> **Prompt**
A single number is the answer here: the count of lines in the data below that include the word "Earrings".

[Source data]

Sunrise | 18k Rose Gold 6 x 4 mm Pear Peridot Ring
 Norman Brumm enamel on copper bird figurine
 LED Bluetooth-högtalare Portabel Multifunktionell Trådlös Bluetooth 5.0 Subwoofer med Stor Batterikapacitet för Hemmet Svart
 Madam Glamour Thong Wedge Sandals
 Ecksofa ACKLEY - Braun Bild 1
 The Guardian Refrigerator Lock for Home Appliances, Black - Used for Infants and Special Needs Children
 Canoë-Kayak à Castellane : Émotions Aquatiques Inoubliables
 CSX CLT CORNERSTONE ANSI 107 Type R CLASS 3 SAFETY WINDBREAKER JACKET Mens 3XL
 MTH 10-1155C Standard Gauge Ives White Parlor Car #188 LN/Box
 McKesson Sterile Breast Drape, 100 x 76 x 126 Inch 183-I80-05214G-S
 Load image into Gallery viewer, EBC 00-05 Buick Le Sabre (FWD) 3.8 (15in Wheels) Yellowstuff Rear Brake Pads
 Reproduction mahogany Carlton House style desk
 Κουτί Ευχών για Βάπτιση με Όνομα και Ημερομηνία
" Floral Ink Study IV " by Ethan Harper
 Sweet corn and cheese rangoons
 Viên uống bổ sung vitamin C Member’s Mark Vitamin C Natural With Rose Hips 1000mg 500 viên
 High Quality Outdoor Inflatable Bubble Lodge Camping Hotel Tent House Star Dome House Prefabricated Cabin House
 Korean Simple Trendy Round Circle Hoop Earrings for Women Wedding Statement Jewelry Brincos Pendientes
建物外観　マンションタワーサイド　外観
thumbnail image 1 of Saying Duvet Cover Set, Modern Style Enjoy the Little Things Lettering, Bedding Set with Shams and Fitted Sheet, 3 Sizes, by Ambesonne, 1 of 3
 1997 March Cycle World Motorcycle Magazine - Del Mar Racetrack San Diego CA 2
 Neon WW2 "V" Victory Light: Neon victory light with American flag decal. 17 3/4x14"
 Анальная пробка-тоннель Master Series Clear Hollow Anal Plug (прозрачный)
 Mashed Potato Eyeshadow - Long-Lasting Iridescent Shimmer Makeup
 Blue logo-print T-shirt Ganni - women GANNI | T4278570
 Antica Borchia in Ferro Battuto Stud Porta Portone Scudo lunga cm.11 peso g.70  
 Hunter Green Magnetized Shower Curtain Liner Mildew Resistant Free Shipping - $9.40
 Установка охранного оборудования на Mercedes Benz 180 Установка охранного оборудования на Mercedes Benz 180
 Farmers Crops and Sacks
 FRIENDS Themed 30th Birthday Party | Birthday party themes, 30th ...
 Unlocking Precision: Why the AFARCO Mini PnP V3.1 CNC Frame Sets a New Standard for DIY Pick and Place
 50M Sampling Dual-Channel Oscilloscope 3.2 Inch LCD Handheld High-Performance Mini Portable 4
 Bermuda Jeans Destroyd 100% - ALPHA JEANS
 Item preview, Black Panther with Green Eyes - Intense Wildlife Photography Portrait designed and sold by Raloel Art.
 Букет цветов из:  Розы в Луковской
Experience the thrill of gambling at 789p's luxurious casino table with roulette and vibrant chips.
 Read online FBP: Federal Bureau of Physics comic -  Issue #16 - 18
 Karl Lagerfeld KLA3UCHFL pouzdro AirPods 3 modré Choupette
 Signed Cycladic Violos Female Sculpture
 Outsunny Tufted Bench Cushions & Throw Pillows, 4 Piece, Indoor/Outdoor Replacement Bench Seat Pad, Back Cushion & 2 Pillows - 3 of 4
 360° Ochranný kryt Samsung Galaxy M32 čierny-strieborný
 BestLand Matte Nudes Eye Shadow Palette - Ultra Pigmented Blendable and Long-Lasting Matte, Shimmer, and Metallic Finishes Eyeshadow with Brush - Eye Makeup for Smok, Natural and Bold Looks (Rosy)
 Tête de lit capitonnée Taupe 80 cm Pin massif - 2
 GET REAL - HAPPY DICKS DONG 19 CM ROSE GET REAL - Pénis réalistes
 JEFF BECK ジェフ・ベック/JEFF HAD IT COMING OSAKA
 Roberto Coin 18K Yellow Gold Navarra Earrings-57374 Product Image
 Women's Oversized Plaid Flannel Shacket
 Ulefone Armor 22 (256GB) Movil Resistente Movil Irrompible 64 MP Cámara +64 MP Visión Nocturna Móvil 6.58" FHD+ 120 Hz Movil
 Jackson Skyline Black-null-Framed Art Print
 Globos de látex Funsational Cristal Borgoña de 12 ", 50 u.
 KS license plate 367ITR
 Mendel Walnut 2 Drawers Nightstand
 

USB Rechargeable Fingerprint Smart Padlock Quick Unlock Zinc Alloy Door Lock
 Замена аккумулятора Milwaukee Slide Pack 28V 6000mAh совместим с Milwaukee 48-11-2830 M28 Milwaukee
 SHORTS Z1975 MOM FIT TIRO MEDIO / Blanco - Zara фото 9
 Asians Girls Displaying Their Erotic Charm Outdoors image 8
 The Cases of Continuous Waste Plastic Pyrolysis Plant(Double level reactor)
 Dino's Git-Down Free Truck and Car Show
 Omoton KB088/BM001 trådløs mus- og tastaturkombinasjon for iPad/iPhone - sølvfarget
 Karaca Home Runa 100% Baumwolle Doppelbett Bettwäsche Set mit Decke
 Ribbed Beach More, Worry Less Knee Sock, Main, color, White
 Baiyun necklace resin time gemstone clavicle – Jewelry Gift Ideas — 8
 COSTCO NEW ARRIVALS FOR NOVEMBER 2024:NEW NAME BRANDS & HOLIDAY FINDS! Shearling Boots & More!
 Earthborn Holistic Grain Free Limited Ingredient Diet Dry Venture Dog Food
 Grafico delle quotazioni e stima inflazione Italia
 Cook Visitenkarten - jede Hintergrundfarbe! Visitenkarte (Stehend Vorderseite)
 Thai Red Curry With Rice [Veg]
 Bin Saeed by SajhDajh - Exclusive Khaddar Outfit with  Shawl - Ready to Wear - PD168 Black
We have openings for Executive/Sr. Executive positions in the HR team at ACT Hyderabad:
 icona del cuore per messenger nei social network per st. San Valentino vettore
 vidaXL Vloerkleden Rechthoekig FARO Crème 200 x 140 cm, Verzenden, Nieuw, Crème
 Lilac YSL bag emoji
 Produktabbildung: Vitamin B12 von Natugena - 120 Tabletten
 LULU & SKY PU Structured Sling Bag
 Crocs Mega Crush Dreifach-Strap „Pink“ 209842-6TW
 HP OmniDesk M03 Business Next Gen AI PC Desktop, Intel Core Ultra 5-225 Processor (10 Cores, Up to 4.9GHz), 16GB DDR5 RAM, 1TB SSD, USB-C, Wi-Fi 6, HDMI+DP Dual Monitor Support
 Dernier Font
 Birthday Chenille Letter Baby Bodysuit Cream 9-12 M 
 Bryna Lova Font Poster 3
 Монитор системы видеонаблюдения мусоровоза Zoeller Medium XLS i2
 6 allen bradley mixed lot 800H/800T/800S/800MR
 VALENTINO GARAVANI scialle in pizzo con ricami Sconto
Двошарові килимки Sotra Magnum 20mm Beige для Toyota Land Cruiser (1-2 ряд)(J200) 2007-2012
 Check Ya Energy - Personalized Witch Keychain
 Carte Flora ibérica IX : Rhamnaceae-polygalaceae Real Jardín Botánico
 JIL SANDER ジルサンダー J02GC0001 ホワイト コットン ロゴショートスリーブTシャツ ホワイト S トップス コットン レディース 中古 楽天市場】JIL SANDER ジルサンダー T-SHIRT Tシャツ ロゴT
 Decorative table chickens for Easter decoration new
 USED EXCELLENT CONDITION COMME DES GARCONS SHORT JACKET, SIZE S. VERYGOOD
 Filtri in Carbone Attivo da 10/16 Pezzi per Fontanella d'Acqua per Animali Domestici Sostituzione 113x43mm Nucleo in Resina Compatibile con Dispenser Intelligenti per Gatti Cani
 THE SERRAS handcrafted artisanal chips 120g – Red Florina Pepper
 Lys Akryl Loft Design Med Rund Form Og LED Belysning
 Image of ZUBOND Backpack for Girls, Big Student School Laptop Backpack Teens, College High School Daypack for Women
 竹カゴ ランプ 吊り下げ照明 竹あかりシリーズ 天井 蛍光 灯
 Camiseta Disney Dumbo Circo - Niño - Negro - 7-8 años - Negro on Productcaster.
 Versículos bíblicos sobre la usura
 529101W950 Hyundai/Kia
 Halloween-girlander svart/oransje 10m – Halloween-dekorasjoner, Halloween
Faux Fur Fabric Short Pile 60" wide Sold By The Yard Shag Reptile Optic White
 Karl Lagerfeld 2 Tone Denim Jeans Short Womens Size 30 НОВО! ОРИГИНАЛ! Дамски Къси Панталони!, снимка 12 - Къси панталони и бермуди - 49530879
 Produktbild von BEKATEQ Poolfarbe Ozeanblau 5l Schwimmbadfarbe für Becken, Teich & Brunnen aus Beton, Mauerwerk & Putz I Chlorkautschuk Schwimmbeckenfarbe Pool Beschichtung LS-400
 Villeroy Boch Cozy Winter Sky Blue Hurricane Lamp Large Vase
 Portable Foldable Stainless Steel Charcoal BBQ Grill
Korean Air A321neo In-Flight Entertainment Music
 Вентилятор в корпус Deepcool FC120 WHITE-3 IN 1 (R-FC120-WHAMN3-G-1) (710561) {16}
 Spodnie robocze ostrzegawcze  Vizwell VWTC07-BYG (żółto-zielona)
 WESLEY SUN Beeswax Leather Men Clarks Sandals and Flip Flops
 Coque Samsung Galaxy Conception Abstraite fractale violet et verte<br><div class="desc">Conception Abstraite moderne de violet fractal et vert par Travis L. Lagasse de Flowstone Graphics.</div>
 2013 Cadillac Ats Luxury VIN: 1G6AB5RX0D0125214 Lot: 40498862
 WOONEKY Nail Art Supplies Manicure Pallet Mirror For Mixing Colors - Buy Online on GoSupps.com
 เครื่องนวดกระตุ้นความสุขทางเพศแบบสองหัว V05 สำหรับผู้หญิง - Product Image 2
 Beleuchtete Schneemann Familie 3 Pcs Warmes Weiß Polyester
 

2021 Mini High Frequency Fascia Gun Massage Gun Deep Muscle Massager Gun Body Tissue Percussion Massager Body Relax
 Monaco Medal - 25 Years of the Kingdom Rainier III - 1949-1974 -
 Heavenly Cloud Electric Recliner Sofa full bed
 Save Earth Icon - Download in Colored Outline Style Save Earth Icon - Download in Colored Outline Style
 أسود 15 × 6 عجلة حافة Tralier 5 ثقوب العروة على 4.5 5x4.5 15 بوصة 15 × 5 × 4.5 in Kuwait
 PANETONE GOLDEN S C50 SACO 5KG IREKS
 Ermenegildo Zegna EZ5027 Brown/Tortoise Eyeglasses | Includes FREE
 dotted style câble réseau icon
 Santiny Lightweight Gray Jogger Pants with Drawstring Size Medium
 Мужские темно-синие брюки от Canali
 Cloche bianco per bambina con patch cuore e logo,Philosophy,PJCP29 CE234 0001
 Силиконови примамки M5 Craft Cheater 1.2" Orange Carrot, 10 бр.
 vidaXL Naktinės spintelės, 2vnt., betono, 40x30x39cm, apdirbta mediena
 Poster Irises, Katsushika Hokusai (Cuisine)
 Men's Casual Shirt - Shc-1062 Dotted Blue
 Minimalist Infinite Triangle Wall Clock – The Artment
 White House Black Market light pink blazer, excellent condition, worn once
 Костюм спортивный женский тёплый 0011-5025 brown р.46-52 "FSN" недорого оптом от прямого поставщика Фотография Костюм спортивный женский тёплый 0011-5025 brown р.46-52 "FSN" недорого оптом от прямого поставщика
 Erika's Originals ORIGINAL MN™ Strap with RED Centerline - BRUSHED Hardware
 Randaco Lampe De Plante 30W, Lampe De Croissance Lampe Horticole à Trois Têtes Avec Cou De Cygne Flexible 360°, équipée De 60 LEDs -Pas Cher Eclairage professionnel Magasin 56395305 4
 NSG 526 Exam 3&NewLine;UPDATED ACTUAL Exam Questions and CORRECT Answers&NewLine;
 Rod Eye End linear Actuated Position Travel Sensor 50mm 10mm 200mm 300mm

> **Result for this exercise**
2